Losing a long-term domain name can represent a very disruptive and damaging turn of events for businesses operating online. A valuable domain name might end up costing a company millions in attempts to get it back – or millions in lost revenue from lost links leading to valuable content.
Often, owners forget to renew their domain registration – but that’s not the case with Kit, a service designed around serving the influencer market. By using the service, influencers can easily bundle a number of products into “kits” and then recommend them to their audience, profiting from affiliate links.
But Kit – formerly a Patreon asset that was sold earlier this year to GeniusLink – can no longer be found at Kit.com.

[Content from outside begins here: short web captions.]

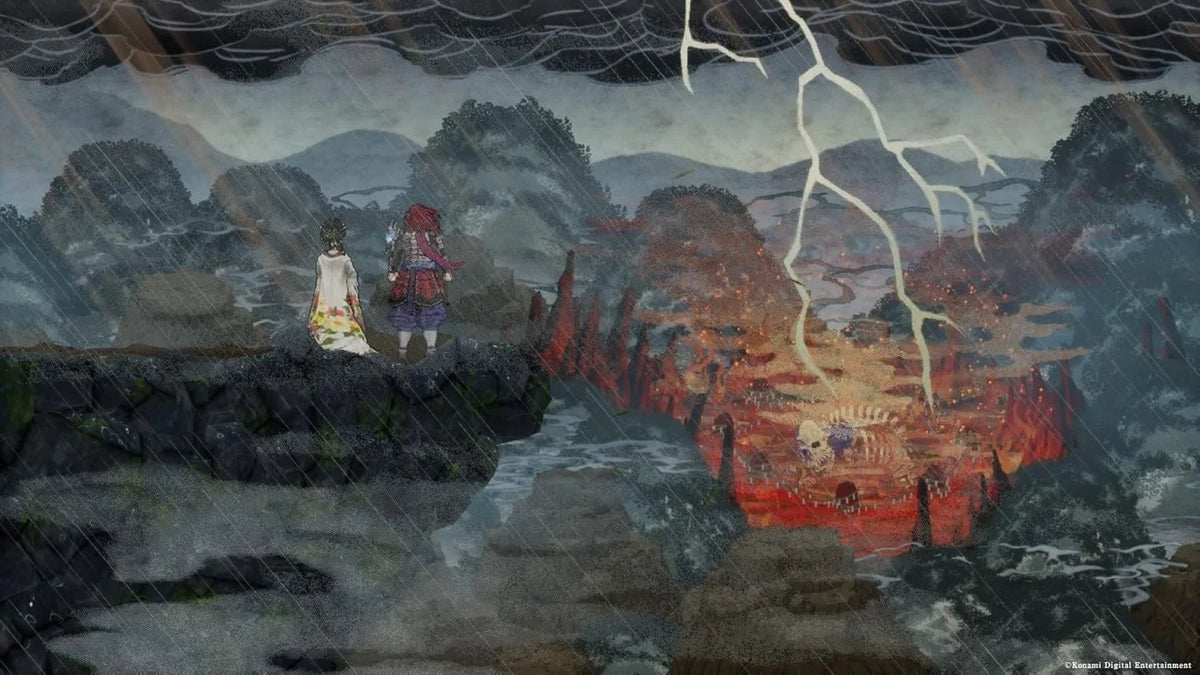 Getsufumaden: Undying Moon for Nintendo Switch - PAL Spain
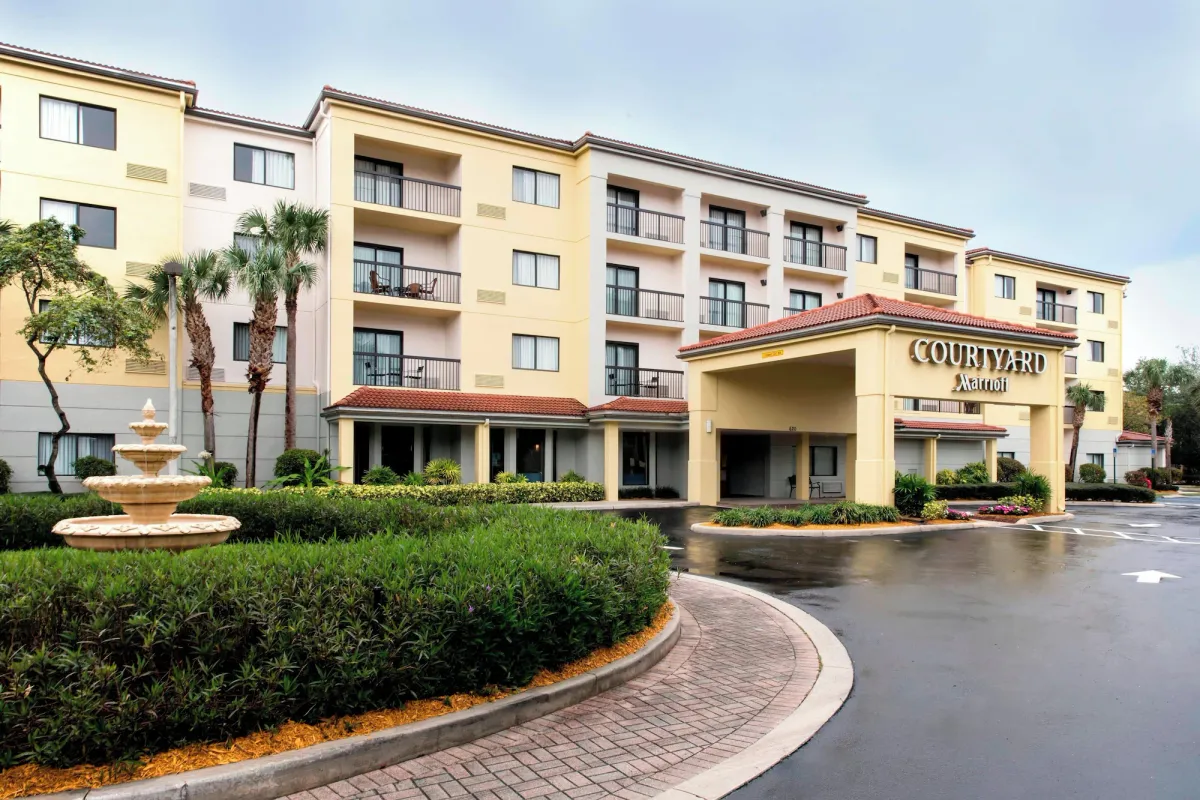 Image of Courtyard by Marriott Fort Lauderdale Coral Springs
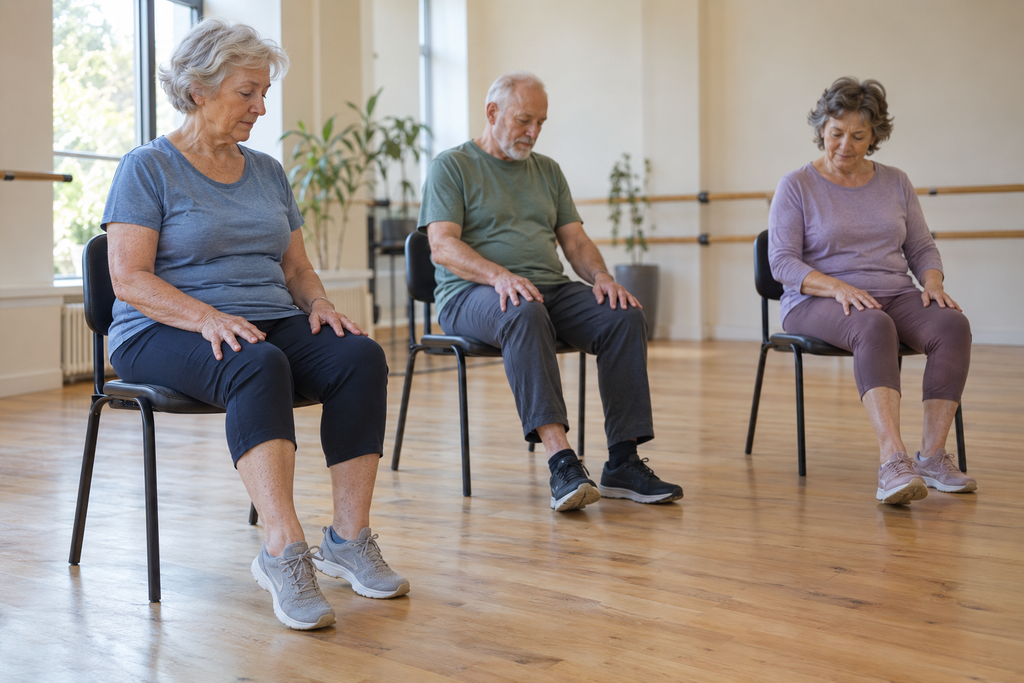 Gimnasia Activa Gimnasia Activa para Adultos: 5 Beneficios Claves Gimnasia Activa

The service, now at Kit.co, is left scrambling to mitigate the damage this situation has produced. GeniusLink said it was working “to prevent business interruptions” while also telling influencers that preserving their traffic and search engine presence is “a top priority.”

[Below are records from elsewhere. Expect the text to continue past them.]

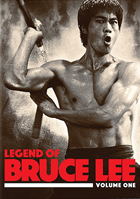 Legend Of Bruce Lee: Volume One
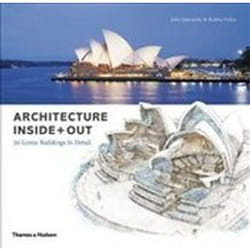 ISBN Architecture Inside + Out: 50 Iconic Buildings in Detail Couverture rigide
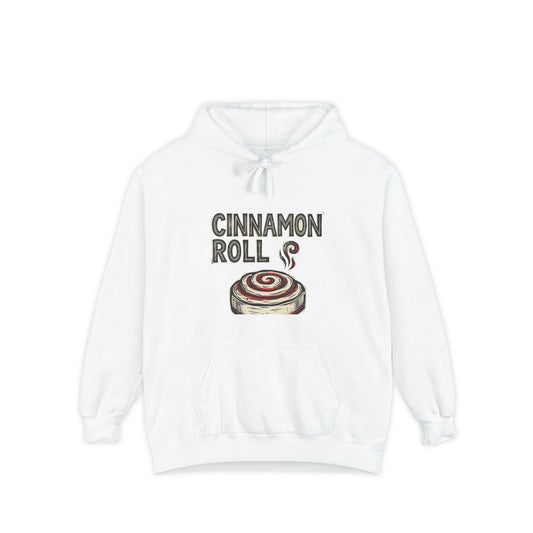 Cinnamon Roll — Streetwear Block Print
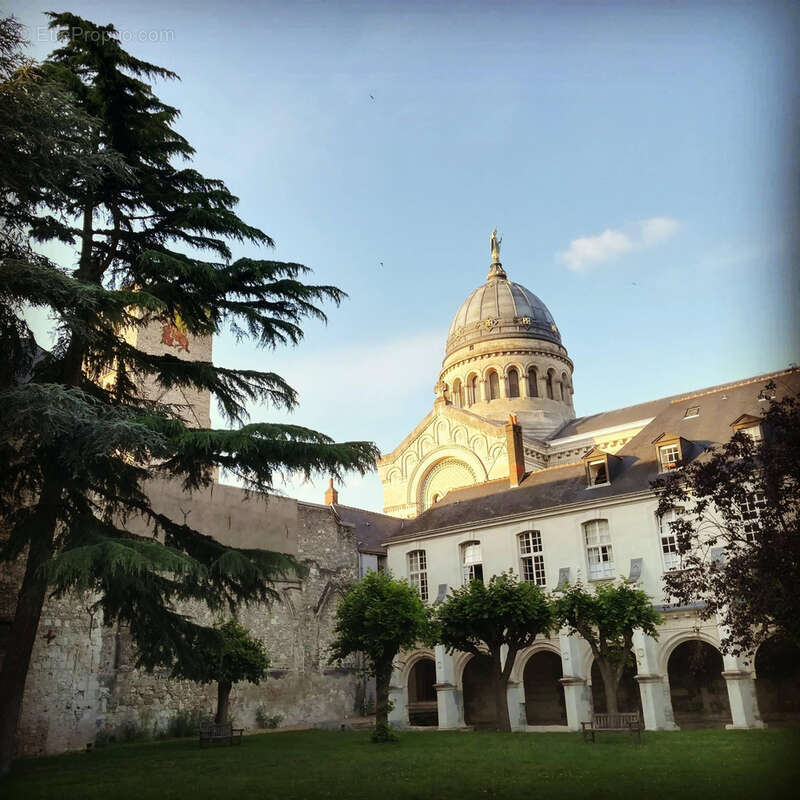 Appartement à TOURS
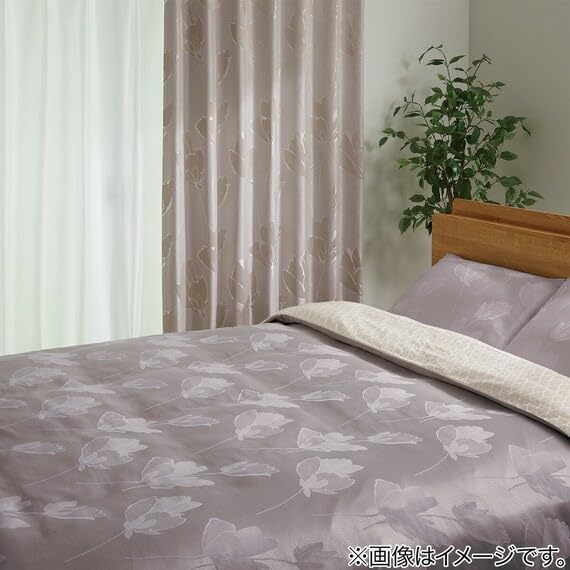 니토리 N그립 마레사 7523674 세미더블 이불커버 이미지 11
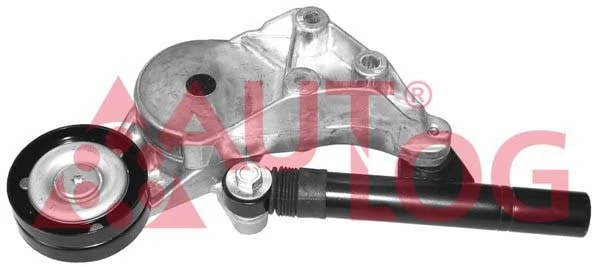 Tensor de la correa trapecial poli v Seat Leon I
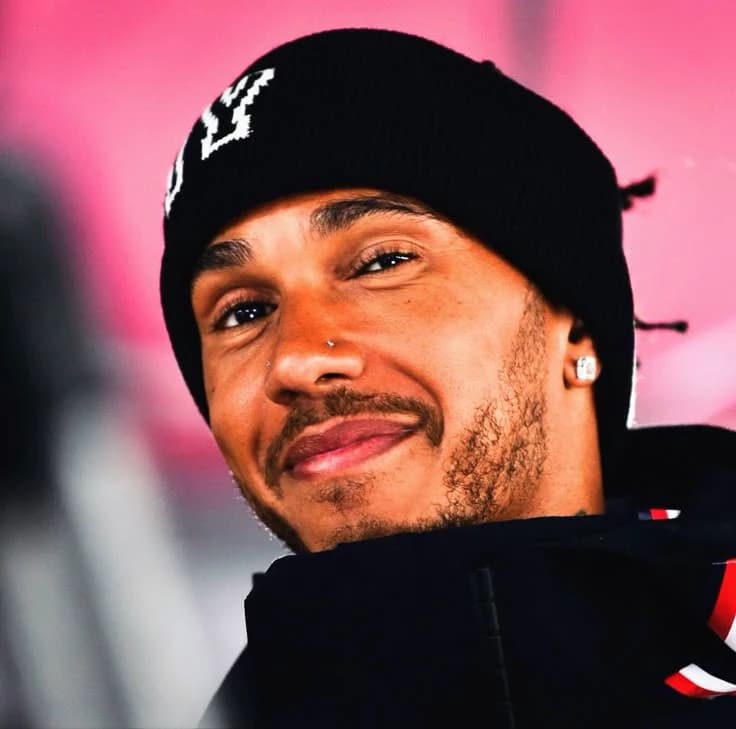 Lewis Hamilton thumbnail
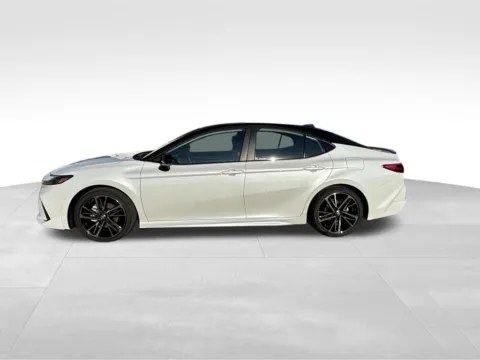 Photos of 2026 Toyota Camry for sale in Ottumwa, IA at Gregg Young Toyota of Ottumwa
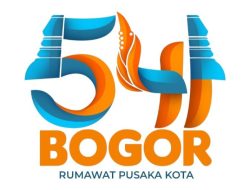 Bertema Rumawat Pusaka Kota, Pemkot Bogor Resmikan Logo HJB ke-541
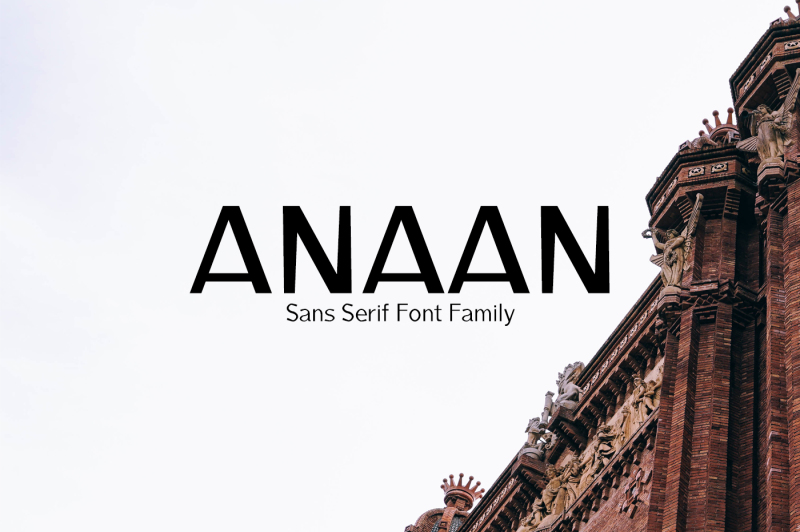 anaan-sans-serif-font-family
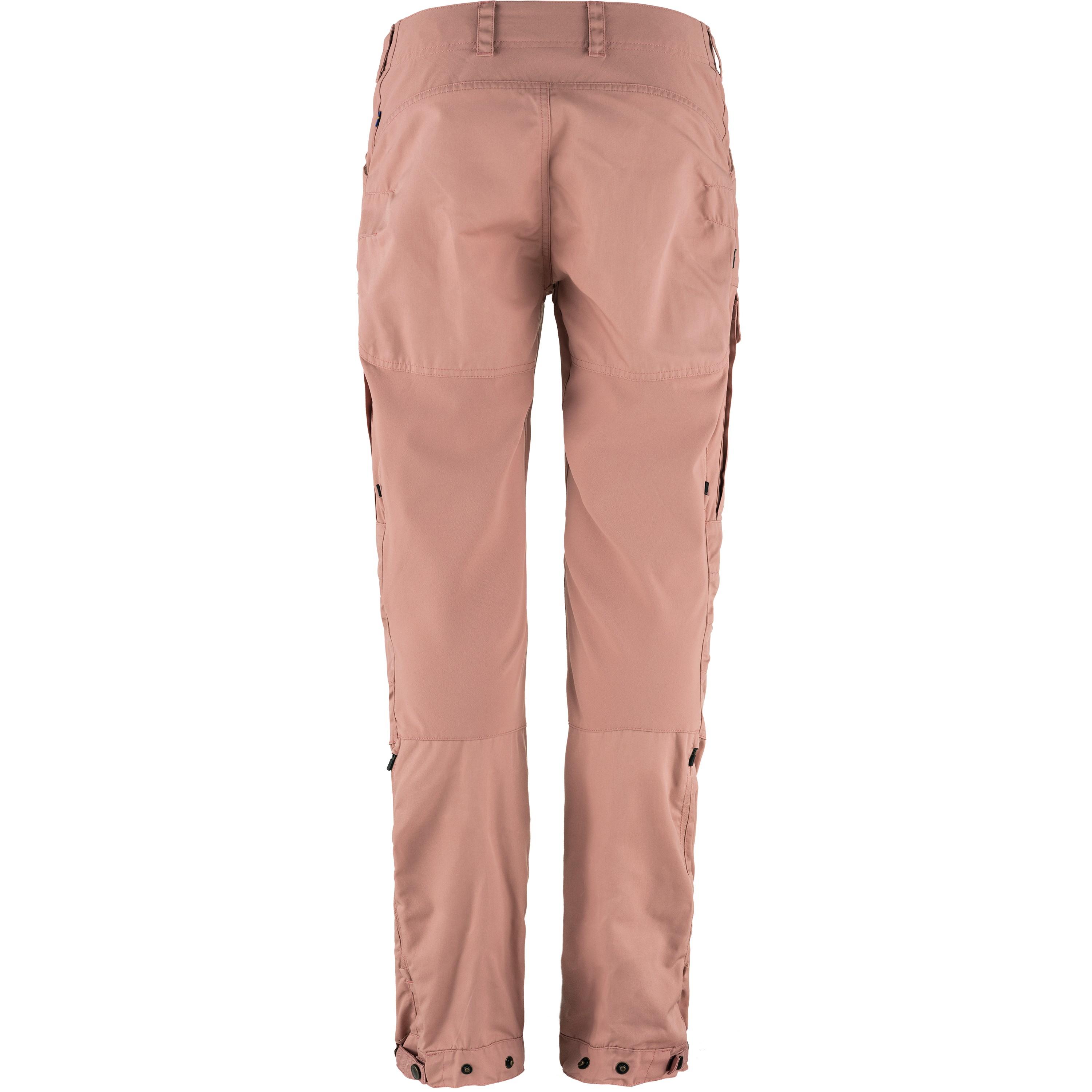 killtec dames Functionele broek/wandelbroek KOS 6 WMN PNTS, anthrazit, 38, 42821-000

“When we took Kit under our wings a few months ago, the fate of the Kit.com domain was not completely settled as it was owned by a third party. However, we did own Kit.co, and we knew that no matter what, we could fall back on it if needed. Unfortunately this last Thursday, November 21st, the owners of the Kit.com domain (not Patreon) informed us that they were no longer interested in selling it to us, and they were going to repurpose the domain for a different property in the very near future. We were given two weeks to prepare.”

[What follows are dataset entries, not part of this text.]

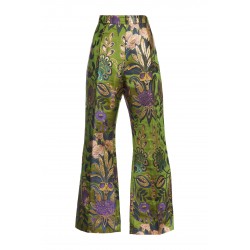 PANTALONE MOSS APRES L'HIVER JACQUARD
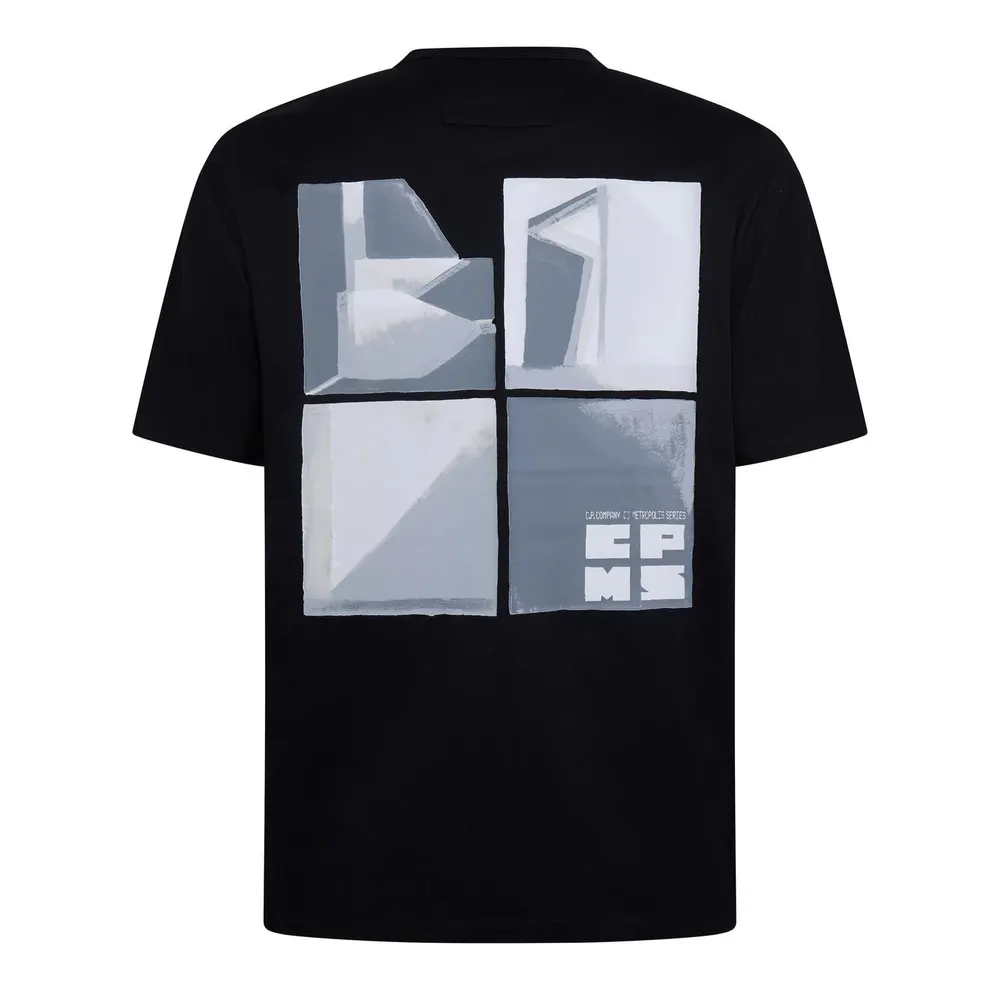CP Company Metropolis CPCM Graph Tee Sn64 detail 2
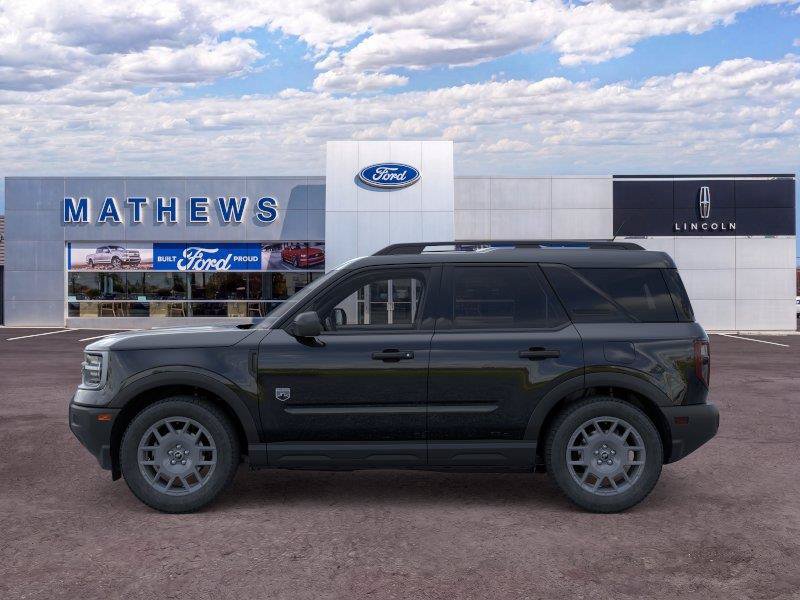 New 2026 Ford Bronco Sport Big Bend w/ Convenience Package AWD/4WD image 3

And while the new owners of Kit.com are currently redirecting to Kit.co – GeniusLink admits that it “cannot guarantee these redirects will last forever.”
So how did Kit lose its domain name? It boils down to Patreon’s lack of interest in acquiring it when they bought the company in 2018. The domain name was and remains owned by “a third party.” But Patreon didn’t make an effort to include Kit.com in the deal, leaving the service at the mercy of the original owner.
The reason why becomes obvious from the motivations the crowdsourcing platform had in buying buy Kit in the first place, and getting rid of it only a year later. In the words of Patreon’s senior product vice president, it was essentially a case of “acqui-hire.”That means that the company was bought for its talent, while the service was no longer developed but merely maintained.
In fact, Patreon quickly “reassigned the lead product development” to work on its own merch service.